‘Duchlan Castle is a gloomy, forbidding place in the Scottish Highlands. Late one night the body of Mary Gregor, sister of the laird of Duchlan, is found in the castle. She has been stabbed to death in her bedroom – but the rooms locked from within and the windows are barred. The only tiny clue to the culprit is a silver fish’s scale, left on the floor next to Mary’s body.
Inspector Dundas is dispatched to Duchlan to investigate the case. The Gregor family and their servants are quick – perhaps too quick – to explain that Mary was a kind and charitable woman. Dundas uncovers a more complex truth, and the cruel character of the dead woman continues to pervade the house after her death. Soon further deaths, equally impossible, occur and the atmosphere grows ever darker. Superstitious locals believe that fish creatures from the nearby waters are responsible; but luckily for Inspector Dundas, the gifted amateur sleuth Eustace Hailey is on the scene, and unravels a more logical solution to this most fiendish of plots.
Anthony Wynne wrote some of the best locked-room mysteries from the golden age of British crime fiction. This cunningly plotted novel – one of Wynne’s finest – has never been reprinted since 1931 and it is long over due for rediscovery.’
Anthony Wynne, pen name for Robert McNair-Wilson (1882-1963), physician and writer, was born on 22 May 1882 at 7 Kelvin Drive, Maryhill, Glasgow, the eldest of the six children of William Wilson JP, West Indies merchant, and his wife, Helen Hannah (née Turner). In various places online they put him as an Englishmen, but he is Scottish! He wrote 28 detective novels! Sadly for us hard to find now. I hope the British Library will publish many more of them!
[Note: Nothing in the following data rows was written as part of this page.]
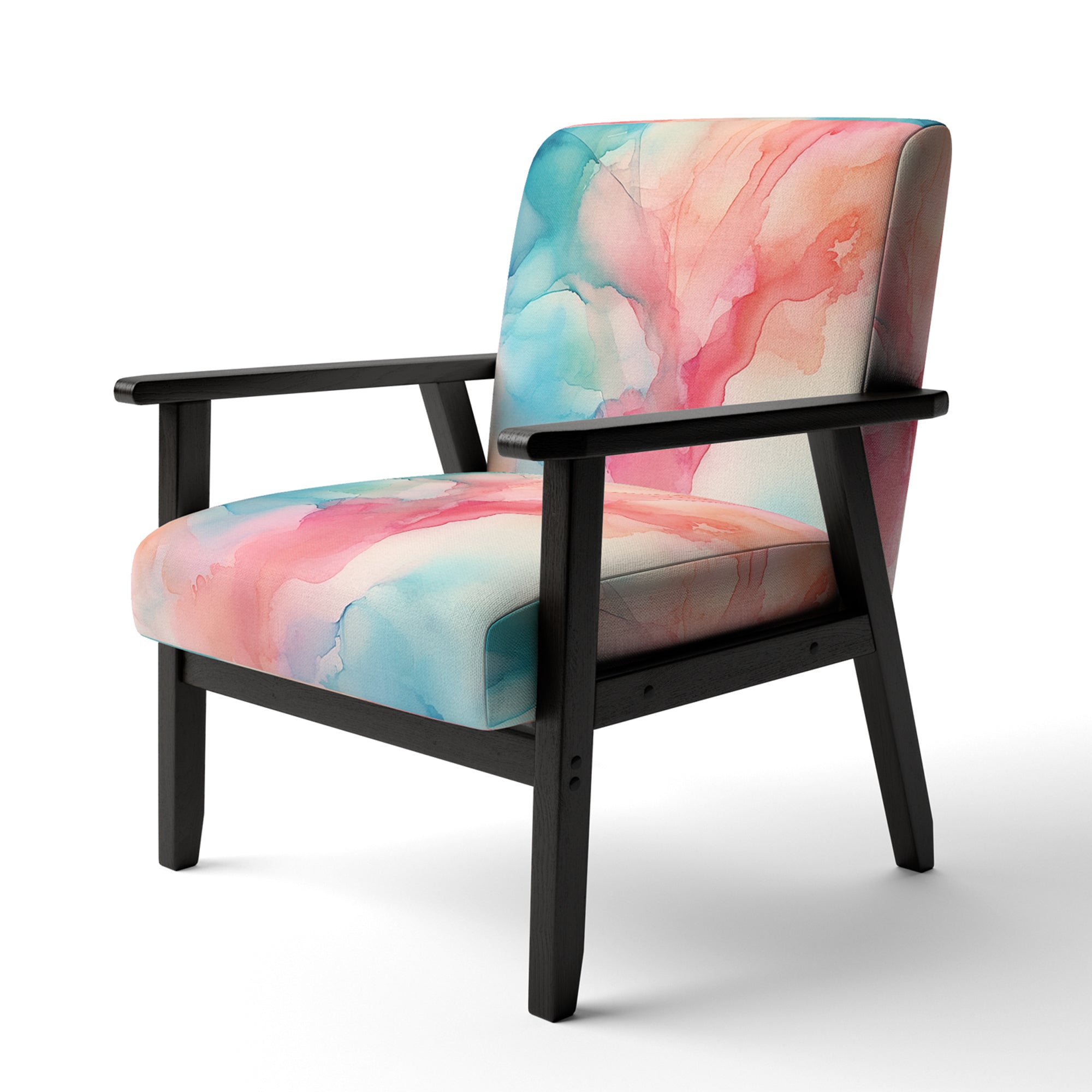 Enchanted Spills - Modern Arm Chair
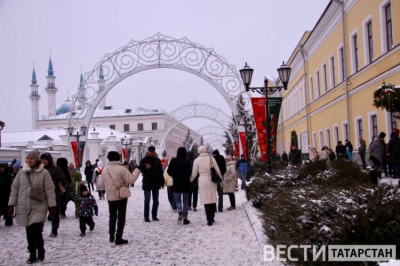 Казань заняла 6-е место в России по бронированиям иностранных туристов в 2025 году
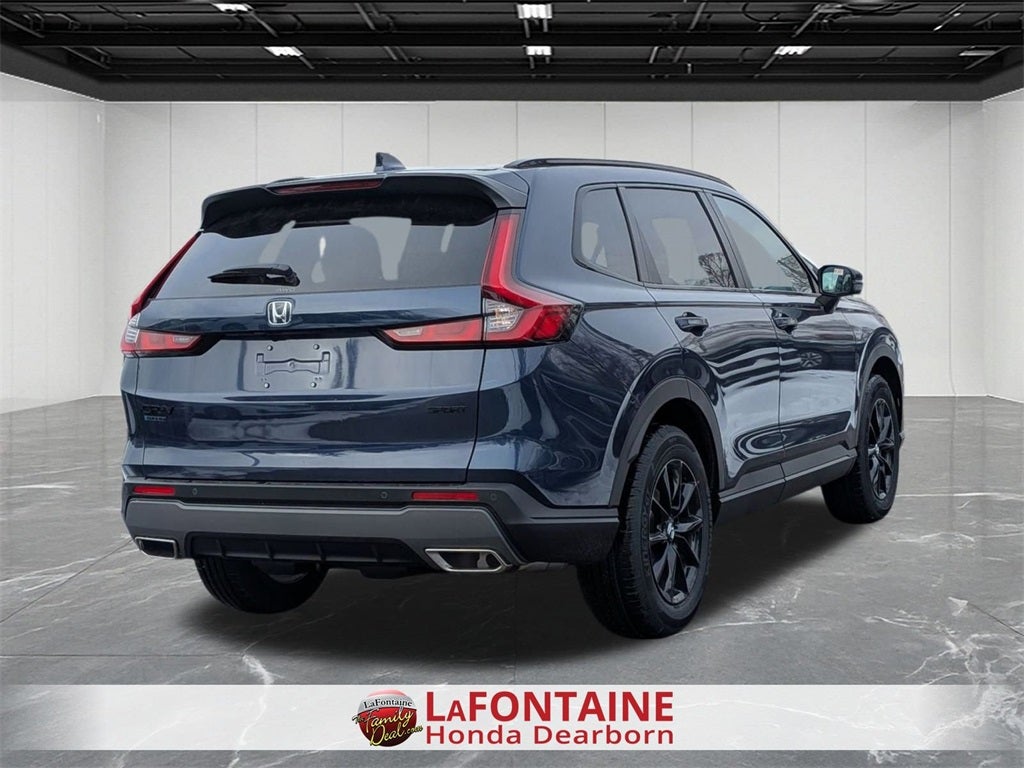 2026 Honda CR-V Hybrid Sport-L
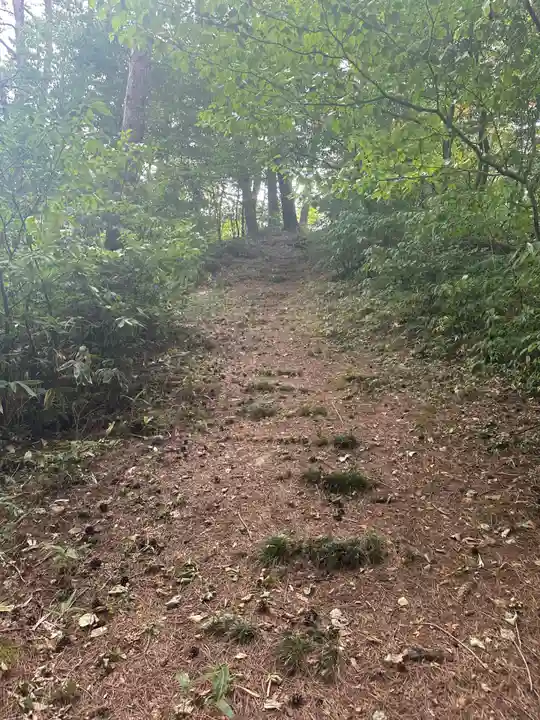 月山神社奥の院(岩手県)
I loved this one because it had a crumbling estate in Scotland on a loch and a really good locked room puzzle! It was originally titled The Silver Scale Mystery as there are fish scales found in the wounds. We have not one impossible murder, but 3 more that follow. The fish scales are the main clue throughout the book, but another clue is very little blood even in the wound! Hmm…
The doors in this castle have very sophisticated locks on them. Impossible to jimmy. They were the invention of the Laird’s grandfather who was interested in lock making.
“He was. And his interest set a fashion. I’ve little doubt that the Duchlan of those days acquired his taste for mechanics during a visit to London or Paris. Some years ago I made a study of these eighteenth century locks. Many of them are extraordinarily clever.”
“These here are, at any rate.’ Dundas rose as he spoke and brought the lock which had been cut from Miss Gregor’s door for the doctor’s inspection. He pointed to the keyhole. “Observe how the key enters at a different level on each side of the door. That precludes the possibility of picking the lock with a skeleton, or of turning the key from the outside with pliers. You would think there were two locks, indeed, instead of only one, but they’re connected.”
We get two detectives for the price of one in this tale, Inspector Dundas and Inspector Barley and the methods they used were vastly different.
Dundas more cerebral, thinking and sorting clues…
He laid his pen down beside the champagne glasses and leaned back.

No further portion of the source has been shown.